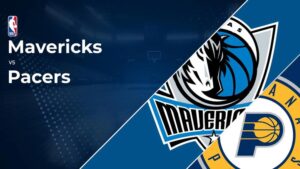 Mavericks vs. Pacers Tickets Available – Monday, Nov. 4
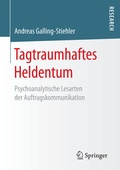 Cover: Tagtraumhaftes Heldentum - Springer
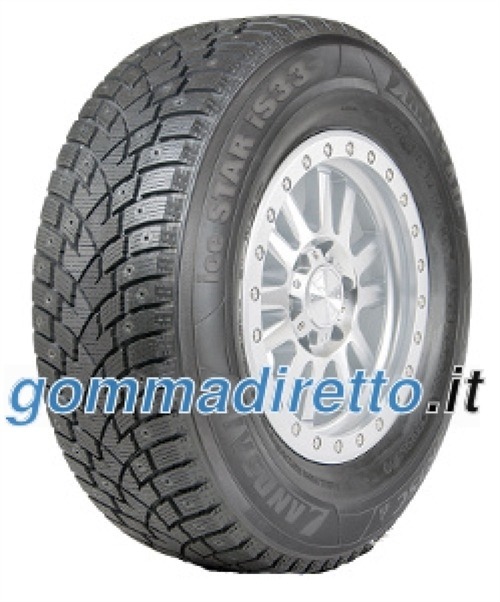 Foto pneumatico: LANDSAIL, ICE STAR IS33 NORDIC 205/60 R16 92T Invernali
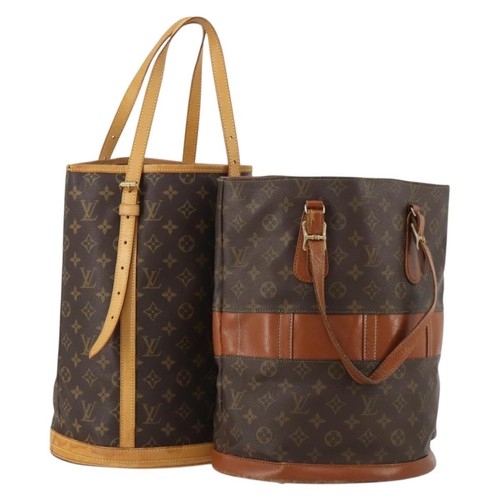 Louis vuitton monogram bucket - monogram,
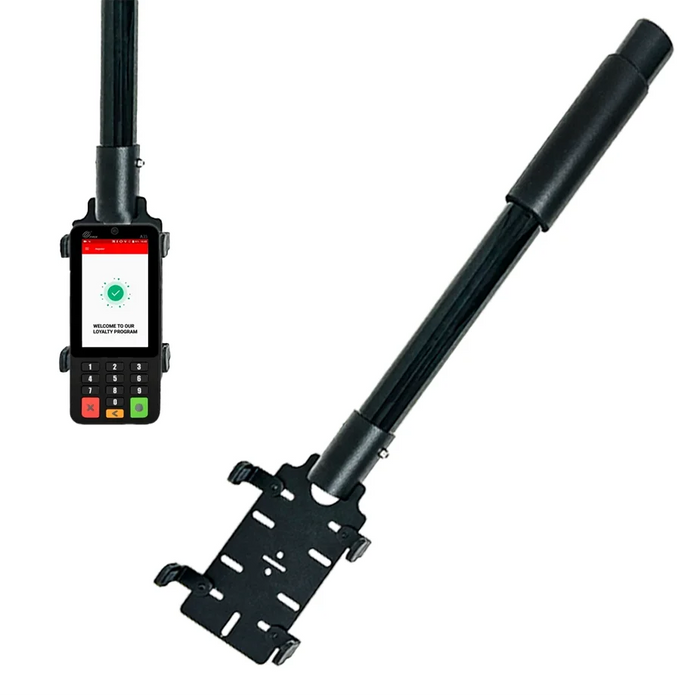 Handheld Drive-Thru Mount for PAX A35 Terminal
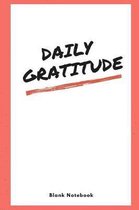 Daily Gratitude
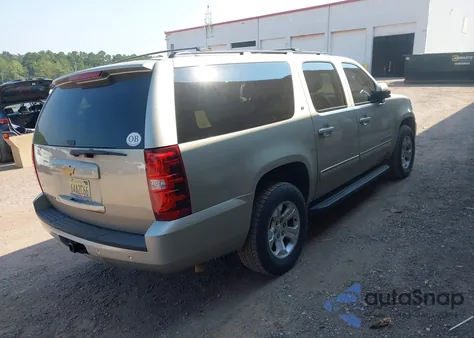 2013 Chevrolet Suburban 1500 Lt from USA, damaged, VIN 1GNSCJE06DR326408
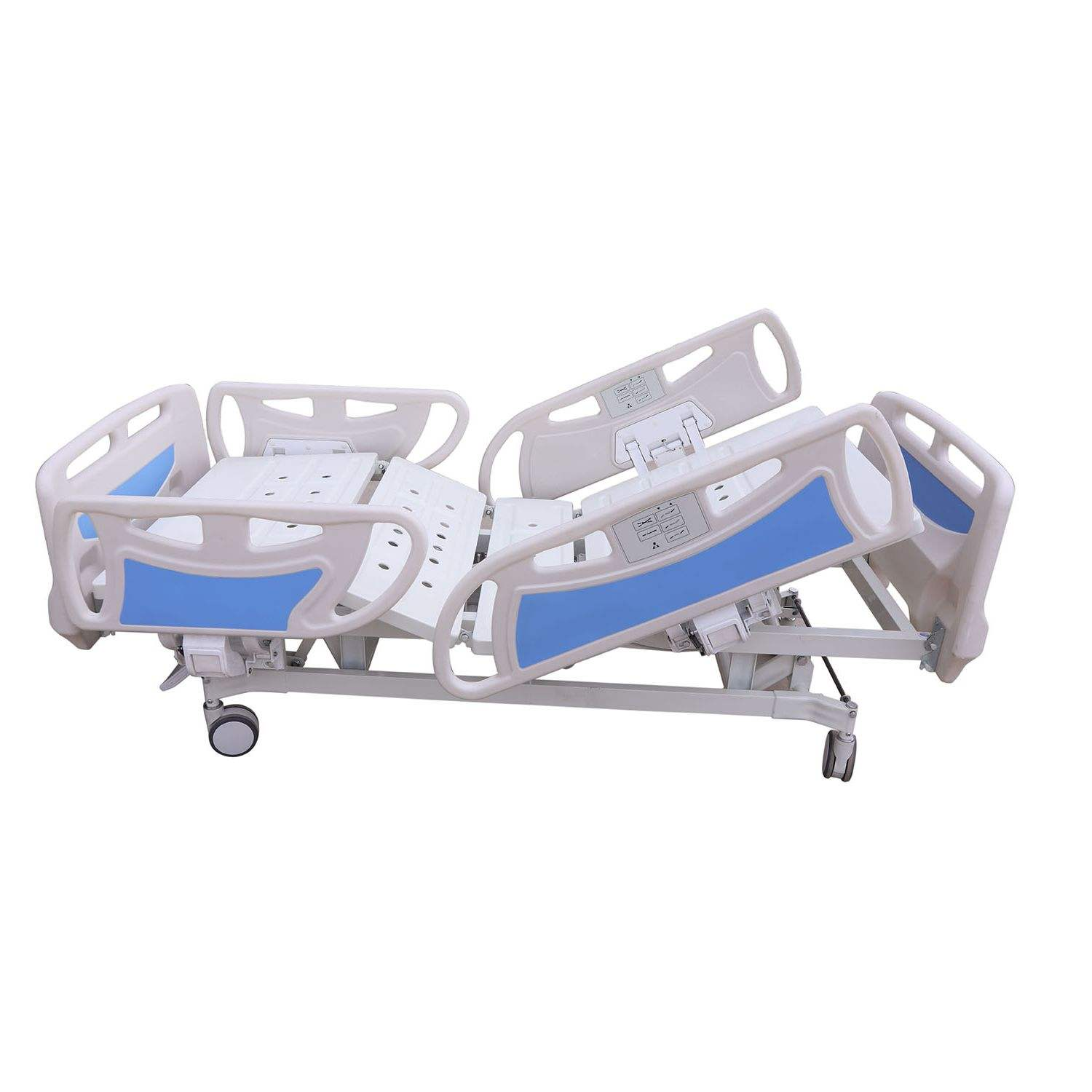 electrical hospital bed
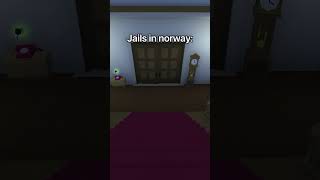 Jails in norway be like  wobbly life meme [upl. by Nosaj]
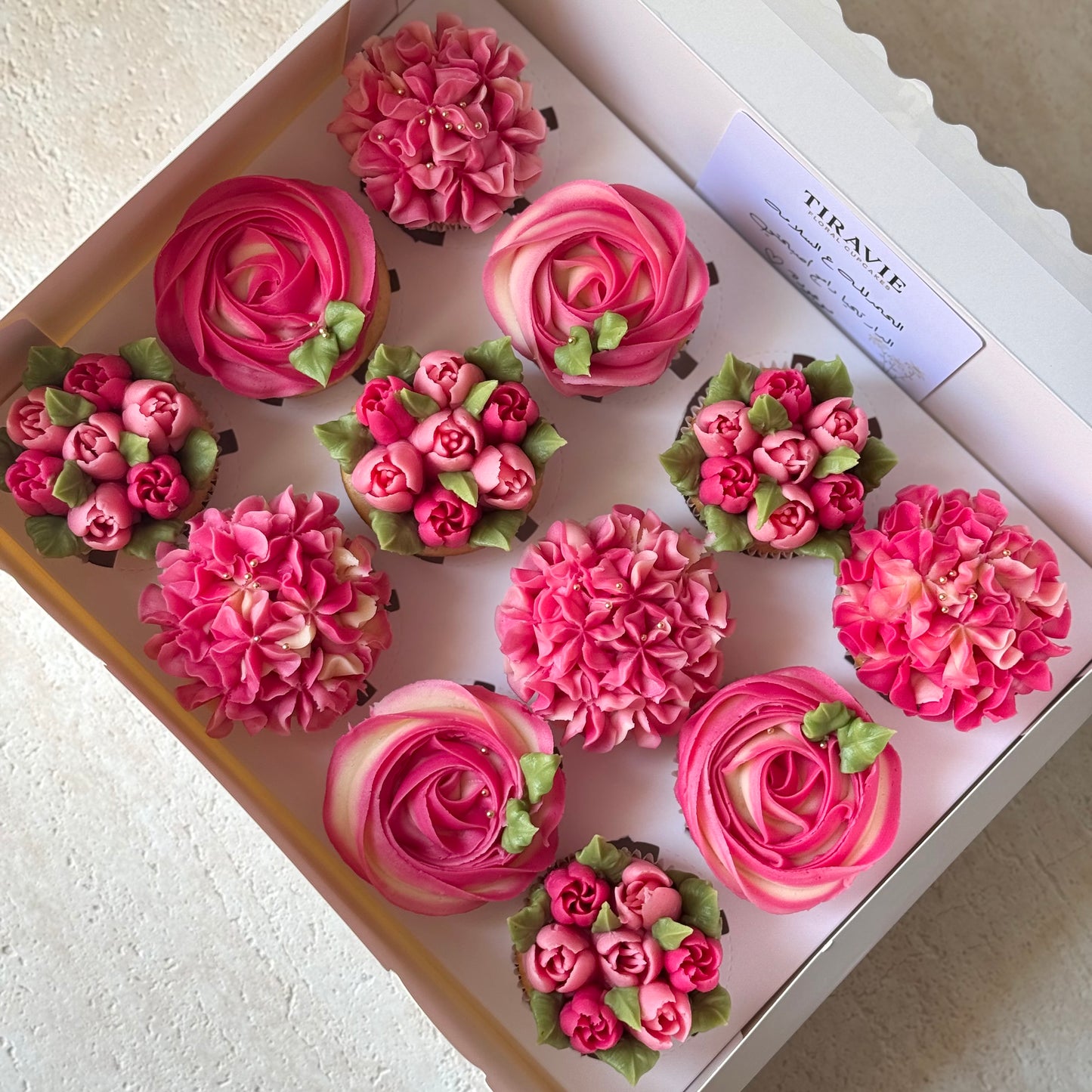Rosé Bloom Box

□ □ □

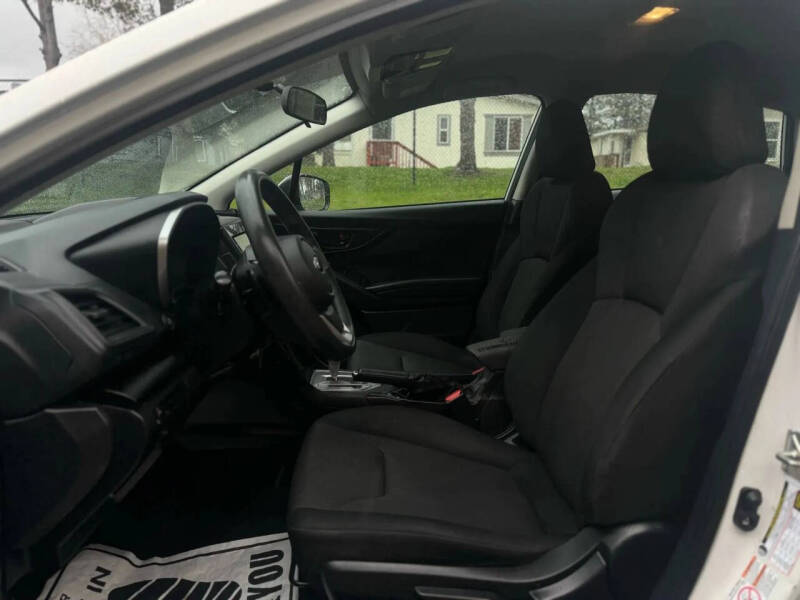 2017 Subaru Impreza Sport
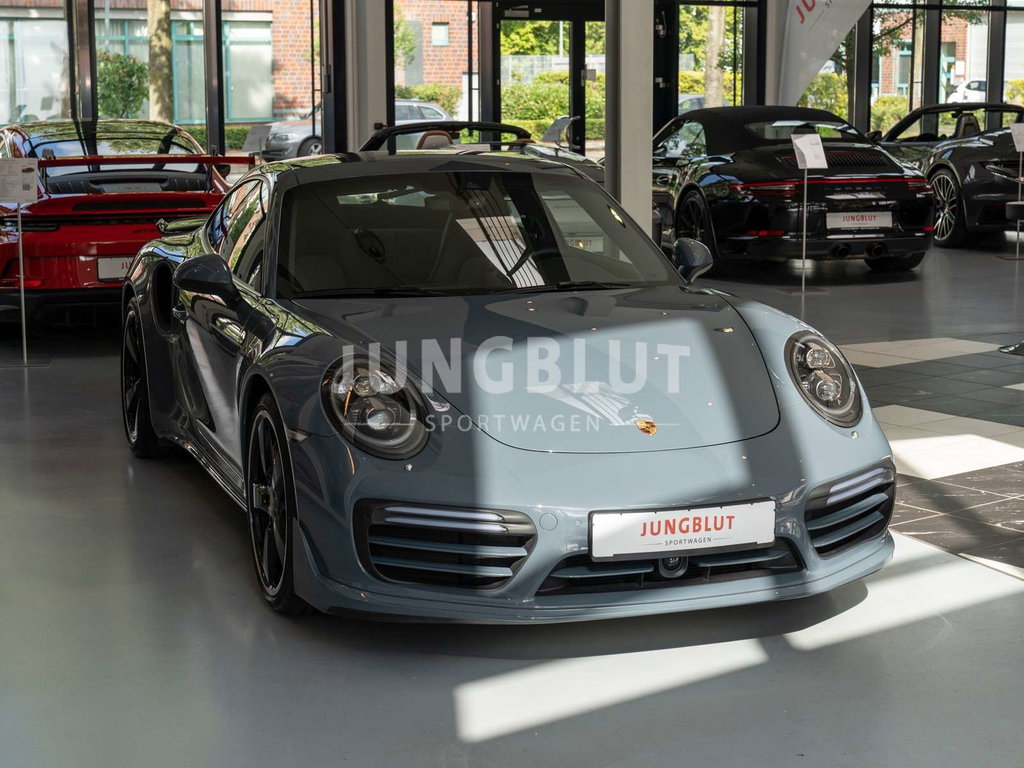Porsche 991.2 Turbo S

□ □ □

◆ **EXERCISE GOAL**
When you reach the line with "Mavericks vs. Pacers" in the records above, start writing out each line exactly, and stop after the line with "Rosé Bloom Box". Pictures stay out.

◆ **WRITTEN RESPONSE**
 Mavericks vs. Pacers Tickets Available – Monday, Nov. 4
 Cover: Tagtraumhaftes Heldentum - Springer
 Foto pneumatico: LANDSAIL, ICE STAR IS33 NORDIC 205/60 R16 92T Invernali
 Louis vuitton monogram bucket - monogram,
 Handheld Drive-Thru Mount for PAX A35 Terminal
 Daily Gratitude
 2013 Chevrolet Suburban 1500 Lt from USA, damaged, VIN 1GNSCJE06DR326408
 electrical hospital bed
 Jails in norway be like  wobbly life meme [upl. by Nosaj]
Rosé Bloom Box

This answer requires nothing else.